I have written many times about the phrase "no kill" and what it means to me and the people in my circles. No kill is an animal sheltering philosophy in which healthy and treatable animals are not destroyed for space, for convenience or just because that is what has historically been done. Shelters which euthanize animals to alleviate suffering can still be no kill because they are doing what is ethical and right; no one would argue that animals should be kept alive if they are in pain or are so terribly injured that they simply cannot be saved. Shelters which destroy dogs who are genuinely dangerous for legal reasons related to public safety can also be no kill shelters. It is not reasonable to expect shelters to allow all dogs to be adopted out into our communities if those dogs may ultimately present a public safety risk and either injure or kill someone. I've dealt with legal cases about dog bite fatality attacks and they are both gruesome and preventable.
Determining which dogs are actually dangerous is the tricky part. Although numerous dogs are destroyed in our nation’s animal shelters for behavioral issues which are categorized in a number of ways (fear, aggression, public safety and “high arousal”) experts have opined that shelter evaluations of dogs are no better than a coin toss and the number of dogs who are genuinely dangerous make up less than 1 percent of all shelter intake. Shelters are nothing at all like the homes or lives dogs may have known outside the shelter environment, even if that life was not good. As was stated in an article published by the National Canine Research Council:
Shelter evaluations may tell us as much or more about the effect of the shelter as they do about the individual dogs. Shelters are noisy, alien environments, filled with strange smells, unfamiliar people, and dogs they may hear, but not see. We should not be surprised that some dogs may... behave differently when confined in a shelter, with its barrage of stressors that the dog cannot control, than they will in the safe, secure, predictable environment of a home, cared for by people with whom they are able to form positive attachments.
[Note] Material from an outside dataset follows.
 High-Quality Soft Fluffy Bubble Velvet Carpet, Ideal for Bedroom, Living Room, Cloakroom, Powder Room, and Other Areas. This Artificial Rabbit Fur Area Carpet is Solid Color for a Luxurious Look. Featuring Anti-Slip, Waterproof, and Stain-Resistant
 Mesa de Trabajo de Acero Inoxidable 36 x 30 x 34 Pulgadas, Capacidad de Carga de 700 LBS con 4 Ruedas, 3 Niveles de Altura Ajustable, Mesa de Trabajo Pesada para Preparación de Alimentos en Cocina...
Even though I know about dogs being destroyed, I decided the time had come to volunteer at the shelter. I refused to volunteer for years during the period when large numbers of healthy and treatable animals were destroyed. My position was that I would no sooner volunteer at a kill shelter than I would work the production line at a chicken processing plant. Because the city has made a lot of progress - and because it is the city's position that it has not destroyed any dogs for space or convenience for four years - I decided the time had come to give it a shot. I have never given any value to the opinion of my many critics over the years who have professed that I am not allowed to have an opinion about what happens at the shelter unless I volunteer there (as if volunteering is the Golden Ticket to free speech). I can absolutely have an opinion about how tax dollars are spent, But I was spending less time on political advocacy locally so I told myself that I could spend some time volunteering instead.
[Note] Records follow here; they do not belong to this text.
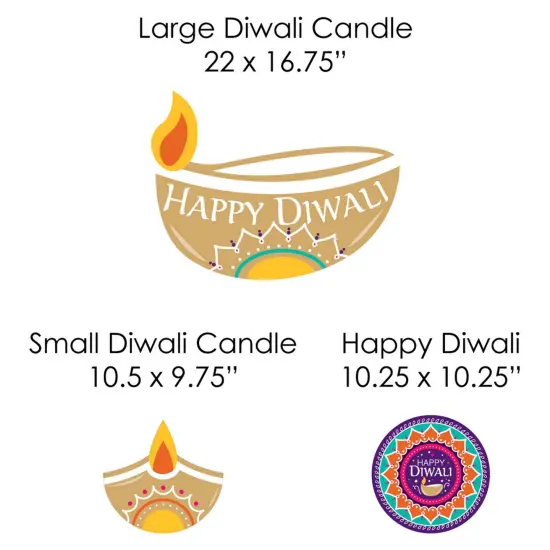 Big Dot of Happiness Happy Diwali - Yard Sign and Outdoor Lawn Decorations - Festival of Lights Party Yard Signs - Set of 8 {7}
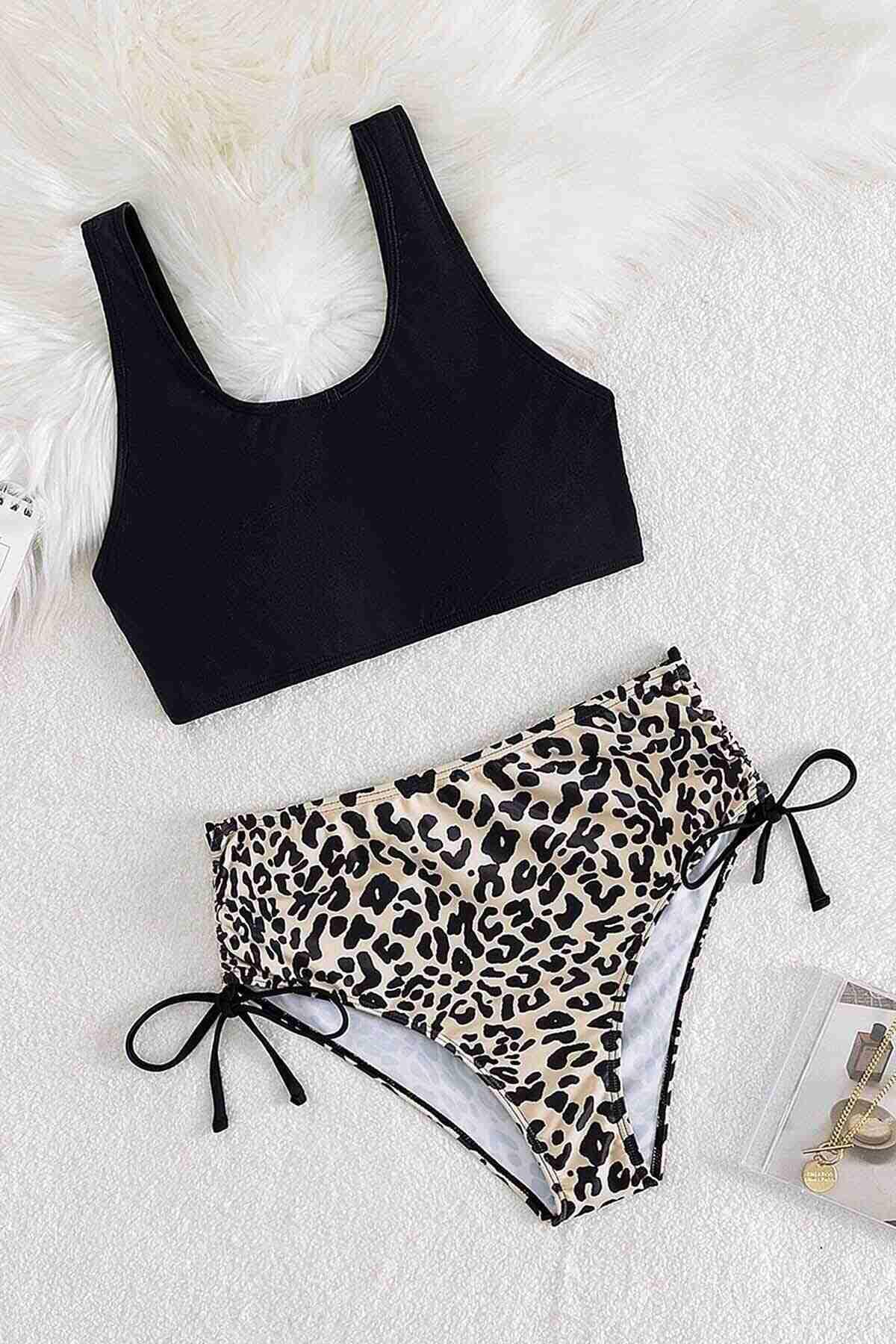 Aria’s%20Closet%20Leopar%20Yanlardan%20Büzgü%20Ayarlama%20Detaylı%20Bikini%20Takım%20Çok%20Renkli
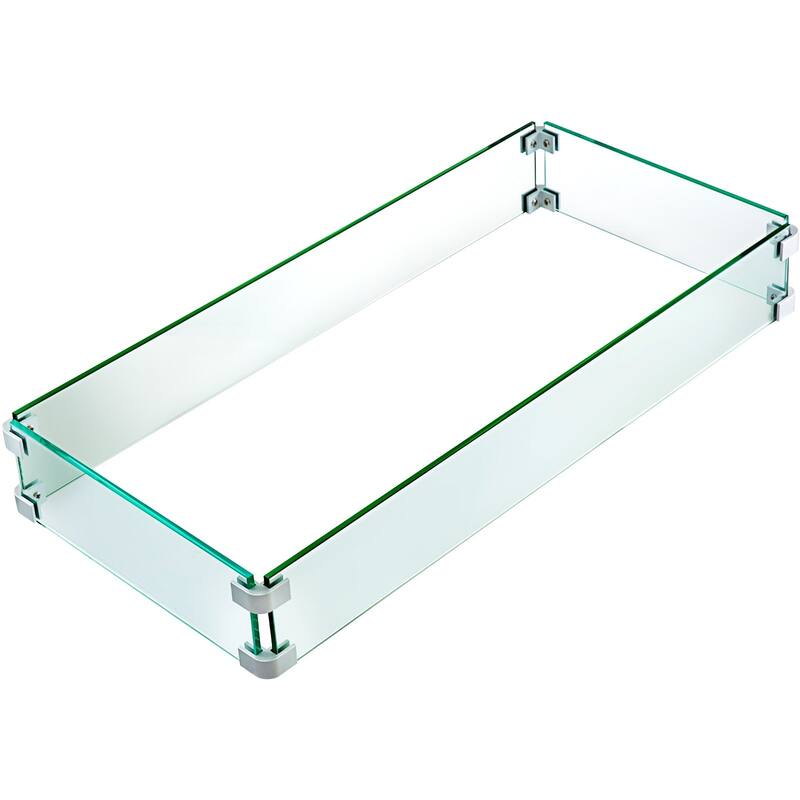 Clear Tempered Glass Outdoor Fire Pit Guard with Alloy Bracket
On Friday I met a dog named Lulu. I had seem images of her on social media used to help promote her on Valentine's Day. One was of her wearing beads and a headband with hearts on it; I remember thinking to myself that not many dogs would tolerate having that much "stuff" put on them and then actually sit still for photographs. I knew from contacts that Lulu had been showing signs of stress inside the shelter. On the day I met her, a volunteer had taken LuLu outside for a walk. I talked to Lulu, touched her, took some photos and recorded her walking nicely on a leash so I could make a short promotional video to help her get adopted. She was happy. She was calm.
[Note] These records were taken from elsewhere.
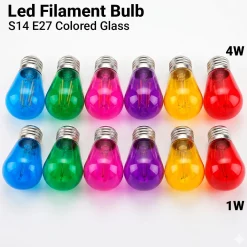 Bombilla LED Filamento - S14 E27 - 4W - Cristal de colores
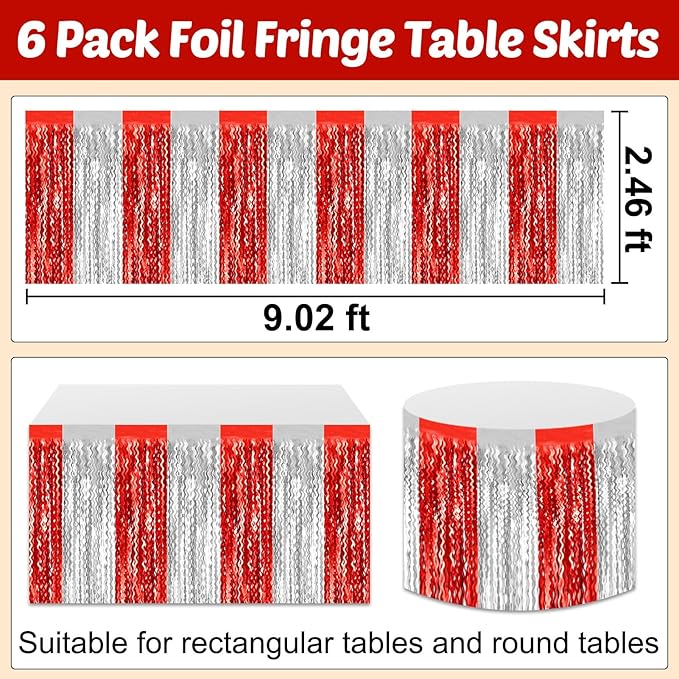 6 Pack 29x108 Inch Red Silver Wave Foil Fringe Table Skirts Metallic Banner - Image 2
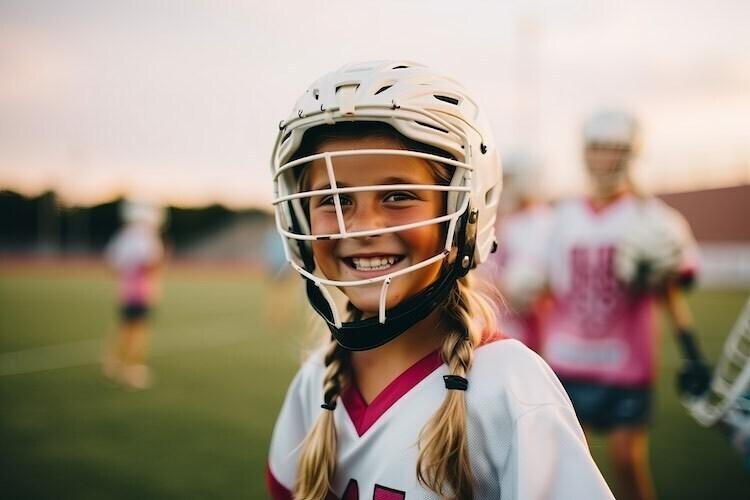 girl wearing lacross helmet smiling (large)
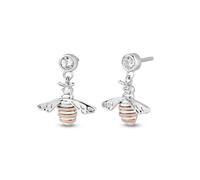 Clogau Nature's Wonder Sterling Silver Honey Bee Drop Earrings with Topaz CLG-2095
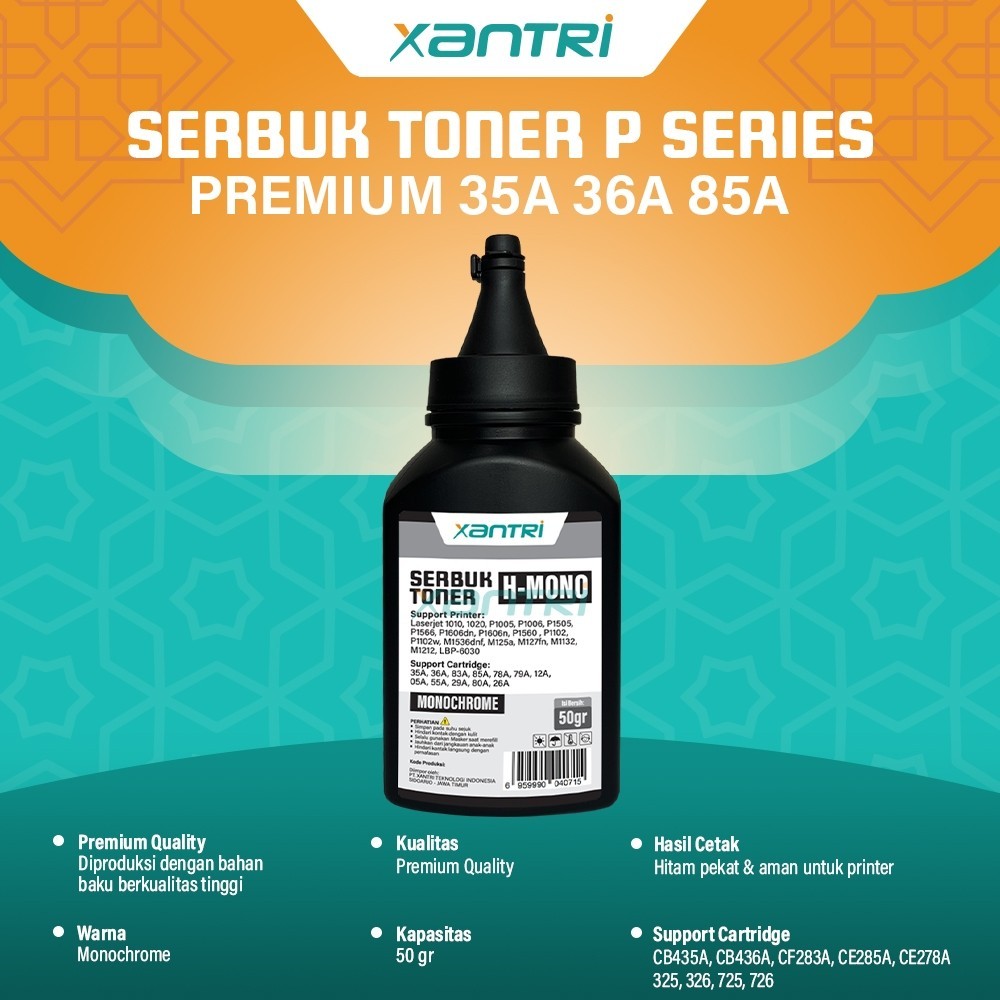 Xantri - Serbuk Xantri Toner Cartridge 35A CB435A 36A CB436A 83A CF283A 85A CE285A 78A 325 326 725 7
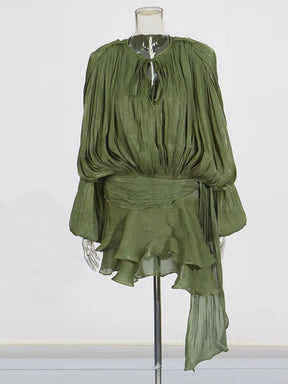 Vestido Curto com Saia de Babados Assimétrico Modern Bela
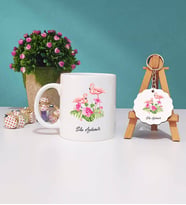 Flamingo Tasarımlı Kişiye Özel Flamingo Kupa Bardak ve Ahşap Anahtarlık Hediye Seti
I learned later that afternoon that she had lunged at her kennel door when meeting a potential adopter and had tried to bite a volunteer. I finished the video of her and shared it with others on Monday, hoping someone would see it and decide to adopt her or foster her. I was sure that if she could be introduced to someone not inside the shelter, but outside, she may have a chance to be placed. I've seen dogs who were incredibly stressed inside shelters change completely once they are no longer confined in that environment. One woman did offer to foster her. But it did not matter.
I found out today that Lulu was killed yesterday. Some of the words used to explain the decision were, "she had become unsafe" and "we were worried about her potential for harming people." I appreciate the fact that some dogs are broken and are unsafe. I do not think we can "save them all." I do think we can save almost all of them and that it takes a commitment to try everything before we give up. We need to look for every opportunity to keep the dogs who are struggling the most alive. A foster home. Housing the dog outside in a kennel for a few hours a day to get them out of the shelter building itself. Working with a contract behaviorist.
I have a hard time reconciling the image of the happy dog wearing beads and my memories of the dog walking calmly on a leash with a decision to end her life three days later.
Grief makes no sense. I will grieve for the dog named Lulu whom I just met not only because she is gone but because she represents so many other dogs just like her.
I'm sorry we failed you, Lulu. You were beautiful. You were smart. And this image of you is forever seared in my memory.